The eye moves easily and elegantly through pleasing, closely toned color shapes in Breonna Taylor, commissioned for Vogue magazine. Unlike Emmett Till‘s battered body, which his mother allowed Jet magazine to publish so his lynching would be publicized, Taylor’s tragedy spread quickly on social media. Her flowing weightlessness, like the Italian Mannerist Jacopo Pontormo’s Visitation, enables her angelic yet realistic visit with us. Sherald’s typically flat background gains spatial depth through fluid, proportional drawing akin to volumetric European painting. While adopted by Black leftist WPA painter Charles White, whose masterpieces were influenced by Mexican Muralists like David Siqueiros, the technique fell from favor owing to its use in Socialist Realism and Nazi art, and after the male, white colonial gaze was critiqued. Kehinde Wiley’s “oppositional gaze” and appropriation helped reconcile its rich tradition with contemporary concerns.

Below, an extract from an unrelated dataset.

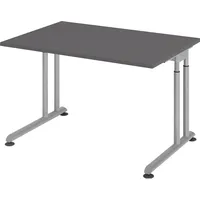 Hammerbacher ZS12 höhenverstellbarer Schreibtisch grafit rechteckig, C-Fuß-Gestell silber 120,0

Amy Sherald, Transforming Liberty, 2024, oil on linen, 23 x 76 1/2 inches

Recasting the Statue of Liberty with the immediacy of Pop Art, Trans Forming Liberty celebrates the expanding civil rights of LGBTQ+ African Americans. However unlikely it is Sherald’s exhibition will attract LGBTQ grooming or Great Replacement conspiracists, her work may well spur anxiety, either over the social risk-taking this character exemplifies or from “fear of a black planet.” This face-off offers even the most narrow-minded viewer redemptive catharsis: Burke argued that “the thrill of the sublime is that of danger courted and overcome, … not a positive pleasure but a more intense and delighting experience of danger survived.” Especially in large-scale works, Sherald not only celebrates but also confronts the reality of African American presence, agency, and variety. She may see her quiet exaltations, though camouflaging the pain of subjugation, also as offering Kantian transformation and redemption through the “joyful realization of the idea of free will.”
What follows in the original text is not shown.